En muchos de mis ascensos me he topado con gente que, a viva voz, como si estuviera en medio de un concierto hablando con sus amigos, se la pasan informando a todo el mundo por medio de sus radios, que han llegado ala cima. Hablan, sonríen, son felices, cuando no se si no se dan cuenta que, a su alrededor, muy cerca de ellos, ha muerto gente y la mayoría de las personas que se encuentran intentando los ismos ascensos, luchan por salvar a los que se van quedando, utilizando el material, los recursos con que van equipados, arriesgando su vida con tal de ayudar un poco...". Lamento mucho el tipo de personajes con que uno se topa cuando estas cosas suceden en la montaña.
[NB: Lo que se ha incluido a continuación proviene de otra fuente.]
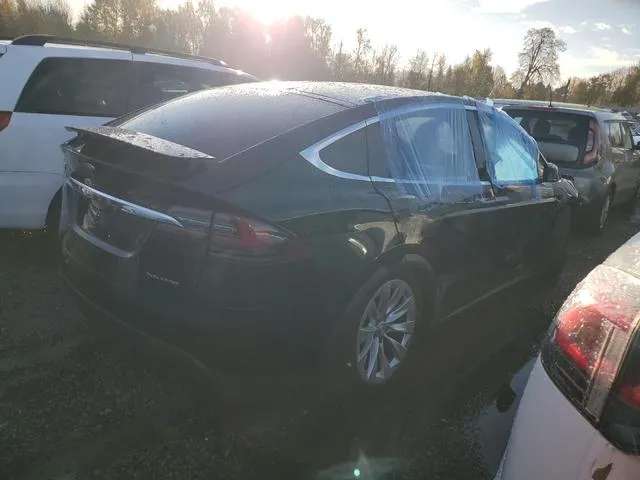 5YJXCAE29LF238117 2020 2020 Tesla MODEL X 3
Esa necesidad de protagonismo me decepciona y me enoja, pero gente así, mezquina, te la encuentras en todos los lugares del mundo y en diferentes situaciones de la vida. Cada uno de nosotros tiene valores y principios diferentes que nos fueron enseñados por nuestros padres y por nuestras sociedades. Menciono el caso anterior para explicar que en la montaña puedes encontrar todo tipo de personas, hay los que son unos tremendos aprovechados, otros que mientras tú caminas delante, abriendo camino, salen detrás de ti y se aprovechan del trabajo que tú y tu equipo hacen con esfuerzo y en el último momento, cuando tú ya estás agotado, te rebasan, pasan a tu lado sin preguntar cómo te sientes o si estás bien y llegan a la cumbre valiéndose del esfuerzo que han hecho ustedes, y tú no, tú en su situación, tomarías un respiro, esperarías a tu compañero de cordada, le aligerarías el peso de su mochila, lo tomarías por los hombros y le motivarías a continuar la marcha.


Esto me ha pasado.


Quiero en este momento desmentir la idea de que en la montaña todo es compañerismo.
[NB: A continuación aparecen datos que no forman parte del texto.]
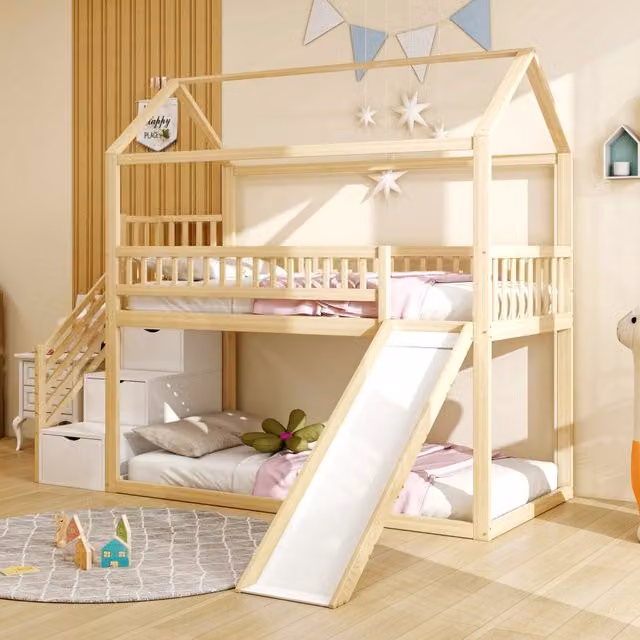 Letto singolo a soppalco OKWISH in legno naturale e metallo con scivolo, scala contenitore e sponde alte, L/P/H: 253 x 90 x 206.7 cm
En este punto solo puedo decir que la montaña saca lo mejor y lo peor de cada persona, ante situaciones extremas siempre afloran los instintos más primarios.
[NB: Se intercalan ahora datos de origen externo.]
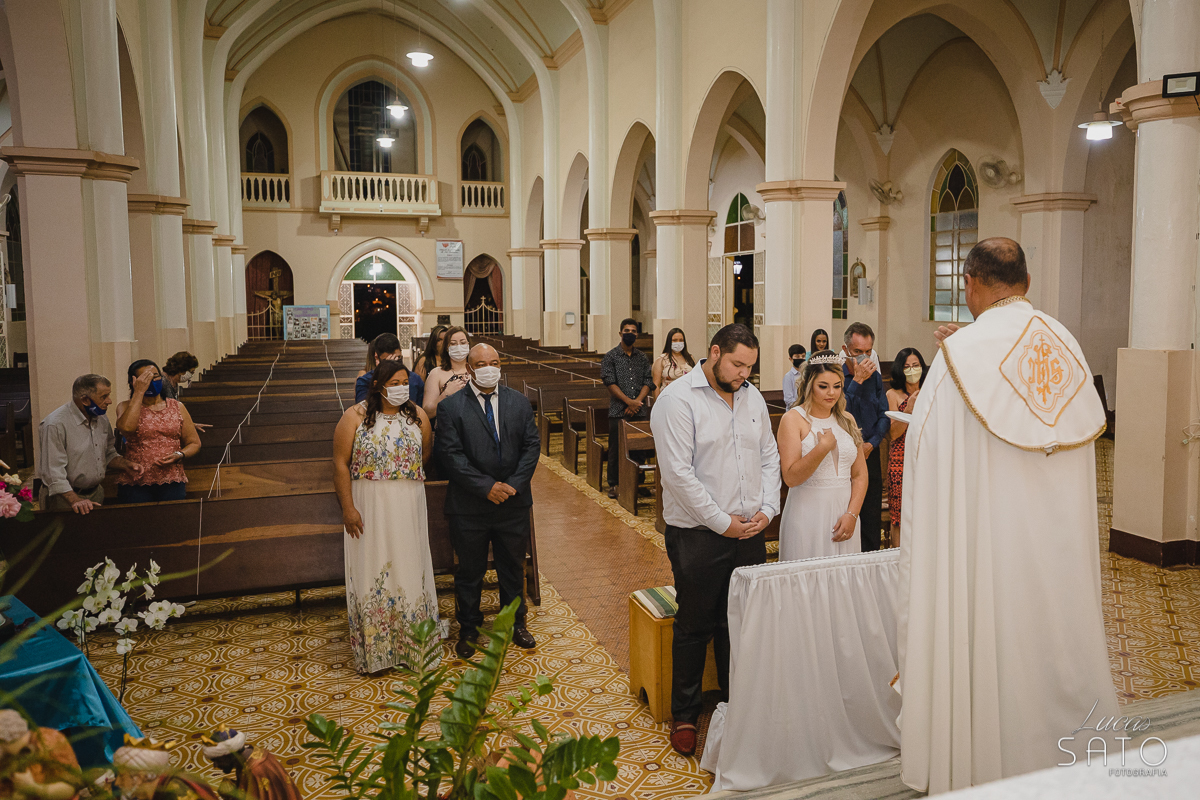 Foto de casamento íntimo com poucos convidados realizado em São Gotardo-MG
Sí, sobre todo en momentos donde te encuentras bajo mucha presión. Puedes estar tres meses durante los que todo va bien y no pasa nada, aunque haya alguna persona que esté maquillando su carácter. Pero cuando surge la tensión por el frío, el hambre, el miedo, entonces explota la auténtica personalidad y ese maquillaje desaparece.


Los comportamientos egoístas son una semilla que, si germina, acaba rompiendo un equipo. Cuanto más alto es el nivel de autoestima de una persona, más probabilidad hay de que trate a los otros con respeto, amabilidad y generosidad".


Para ser noble lo importante es que estés seguro de ti mismo, de lo que haces, que te aceptes. La gente que medita aprende a conocerse, a aceptarse, a gustarse, a partir de aquí transmite tranquilidad y no tiene miedo de que nadie le robe terreno.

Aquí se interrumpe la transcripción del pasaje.